━━━ Dataset content

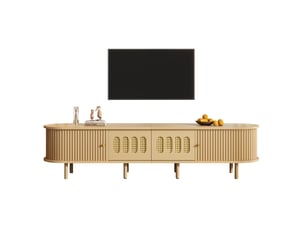 Meuble tv coloris naturel 180 cm <strong>MODENUIT </strong>  <strong></strong>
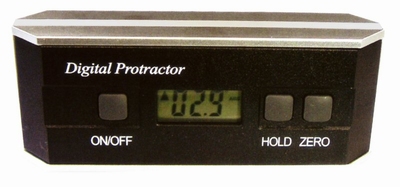 Digital clinometers 158 mm, 4x90°/0.1°
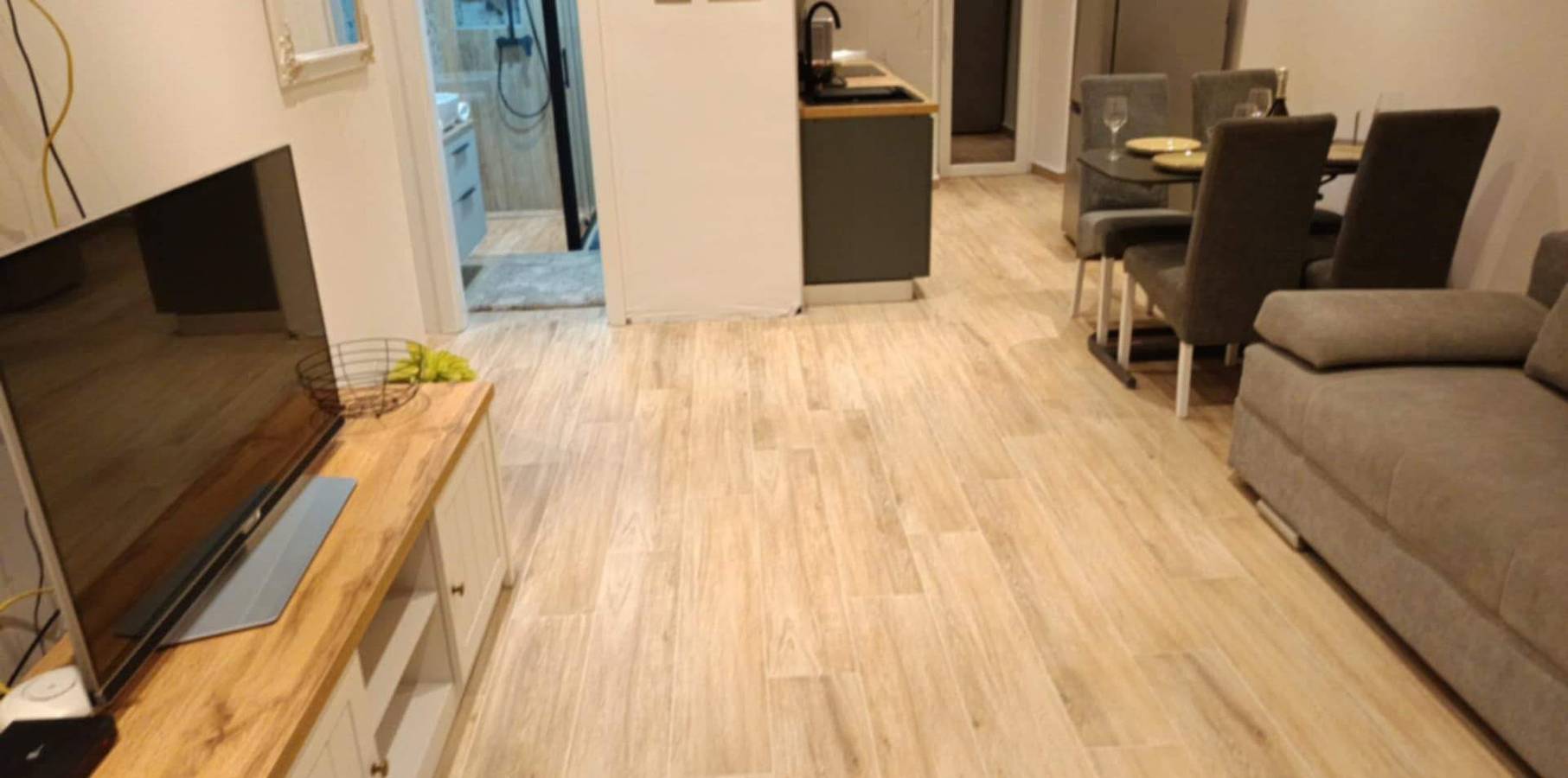 Ganze Wohnung, 2-Zimmer-Ferienwohnung mit Terrasse und Meerblick Metajna, Pag A-4161-a in Metajna, Pag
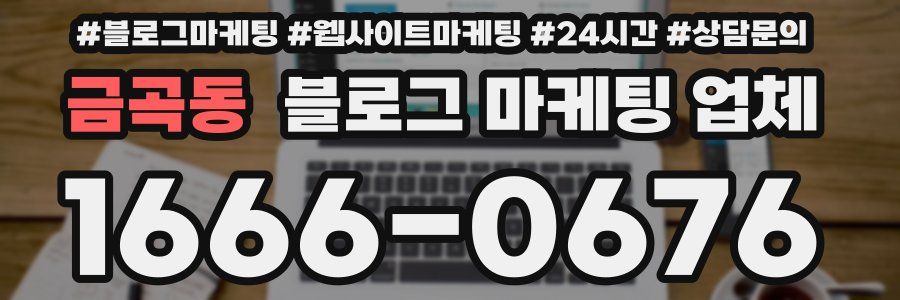 금곡동 블로그 마케팅 업체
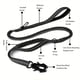 thumbnail image 2 of Correa de perro para uso pesado, Plomo de amortiguador de choques Bungee con 2 mango acolchado, Clip de mosquetín de metal, Cinturón de seguridad para coches, Corral fuerte sin tirar para pe, 2 of 3
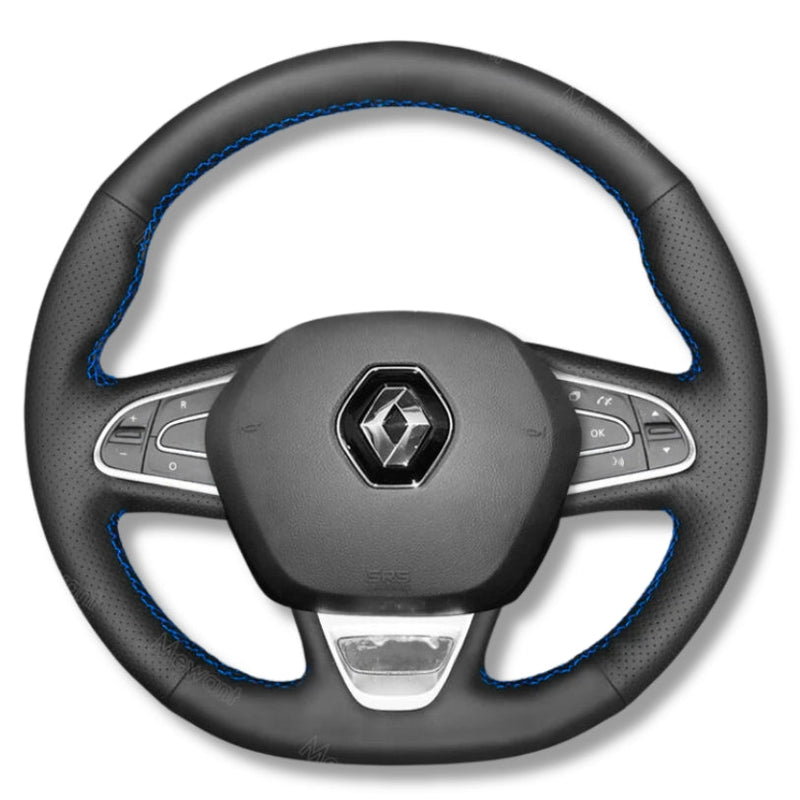 Couvre Volant Megane 4 Cuir Alcantara 38cm - en situation - Becquet Voiture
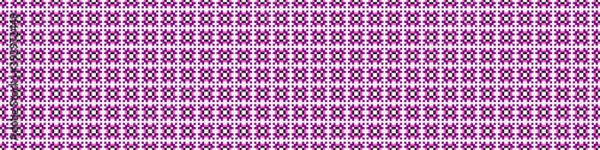 Obraz Abstract Cross Pattern Dots Logo generative computational art illustration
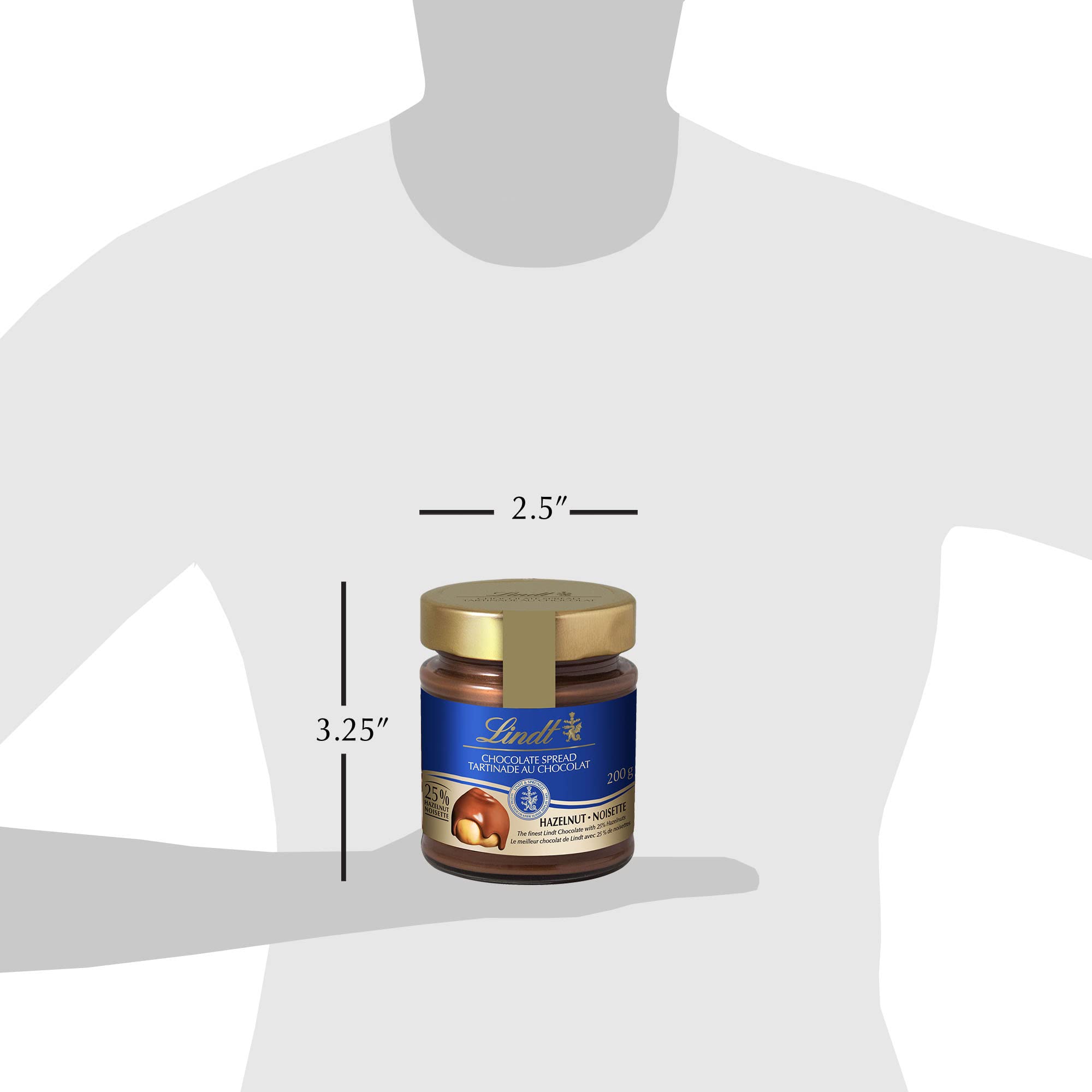 Lindt Hazelnut Milk Chocolate Spread - 7.1 oz (200g) - Rich & Creamy Nutella Alternative - Imported from Canada - Perfect for Toast, Pancakes & Dessert Toppings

━━━━━━

Set down exactly, with no additions, each line from the line that includes "Digital clinometers 158 mm, 4x90°/0.1°" to the final line of the entries above; leave pictures out.

» Solution to this task
 Digital clinometers 158 mm, 4x90°/0.1°
 Ganze Wohnung, 2-Zimmer-Ferienwohnung mit Terrasse und Meerblick Metajna, Pag A-4161-a in Metajna, Pag
 금곡동 블로그 마케팅 업체
 thumbnail image 2 of Correa de perro para uso pesado, Plomo de amortiguador de choques Bungee con 2 mango acolchado, Clip de mosquetín de metal, Cinturón de seguridad para coches, Corral fuerte sin tirar para pe, 2 of 3
 Couvre Volant Megane 4 Cuir Alcantara 38cm - en situation - Becquet Voiture
 Obraz Abstract Cross Pattern Dots Logo generative computational art illustration
 Lindt Hazelnut Milk Chocolate Spread - 7.1 oz (200g) - Rich & Creamy Nutella Alternative - Imported from Canada - Perfect for Toast, Pancakes & Dessert Toppings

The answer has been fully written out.